When our first big January snowstorm knocked out the barn light, I didn’t think it was a very big deal.
I was wrong. Since then, we have had little triangles of metal screwed onto the roof so the sheet of snow can’t slide onto the light:
That was $80.00
Next Bob took the lamp to be welded at Animas Radiator
where Tim put some careful flanges on it. Two of them. The flanges were so careful they cost $70. The nails’ll rip out of the wood before these flanges let go, said Tim.
And it’s still not done. Andy, who wired the house, came by as a favor on Friday afternoon to put the light back up.
He has a new van/ before he used his truck and had to empty it into a storage locker every Friday. A van makes his life much easier.

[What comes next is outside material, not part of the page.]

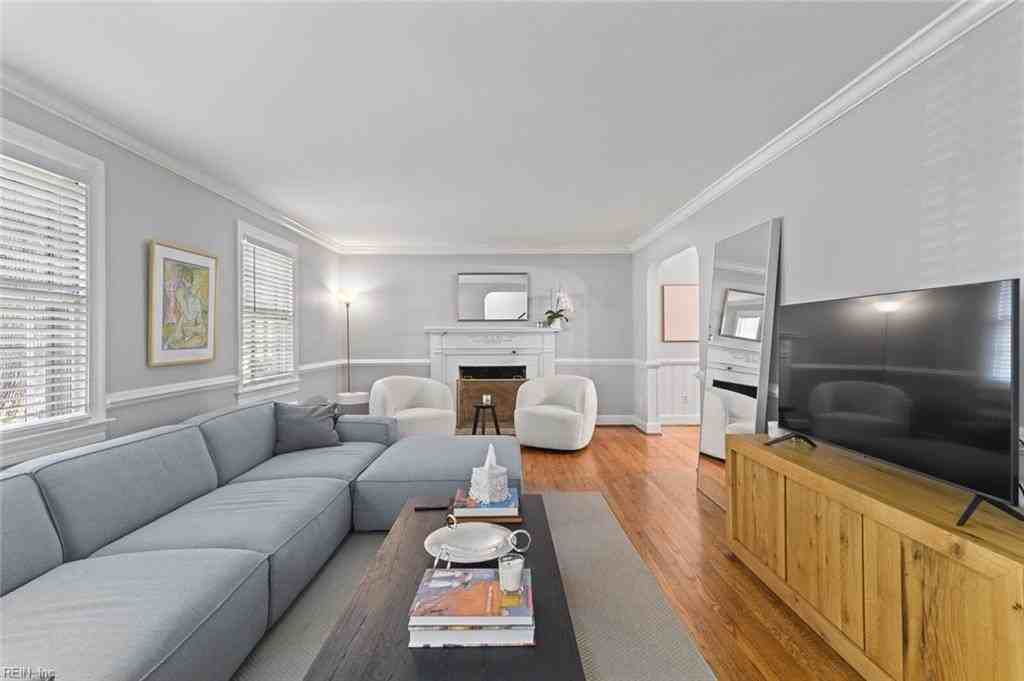 21 Brandon Rd - Photo 2 of 24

Andy is an elite rock climber who often jams his fingers. I didn’t ask him what happened this time because I didn’t want to visualize it. Andy has spent dozens of nights sleeping in hammocks suspended from rock faces, and his cliff stories give me the willies. He put up our weathervane by tying himself to a rope looped over the roof and attached to the truck. And since his Mom was a librarian, he always returns books. This visit I’m returning one of his books; we both thought the author was annoying. Plus I’m sending along a jar of jam for his fiance’s opinion: she had a restaurant and I thought she’d like the jalapenos.
Andy is putting up the rewelded, rewired light, and you can see me in the window taking his picture.
In the end, it took both Bob and Andy to get the light back in place. Finally.
This story has three lessons. The fixture came from a gas station in Georgia–it’s a piece of 1940s Americana, and it was a big bargain: it cost about $100 including shipping. It’s an Ebay item. I liked it a lot but hadn’t anticipated a multi-step, multi-person, multi-lesson task. The first lesson is, inexpensive Americana may not be a bargain by the time it’s installed. The second lesson is useful for me but probably not for you: old exterior fixtures from the South are not designed for snow load. And the third lesson was my Grandfather’s mantra: Education is expensive.


























This is going to be my new mantra: EDUCATION IS EXPENSIVE.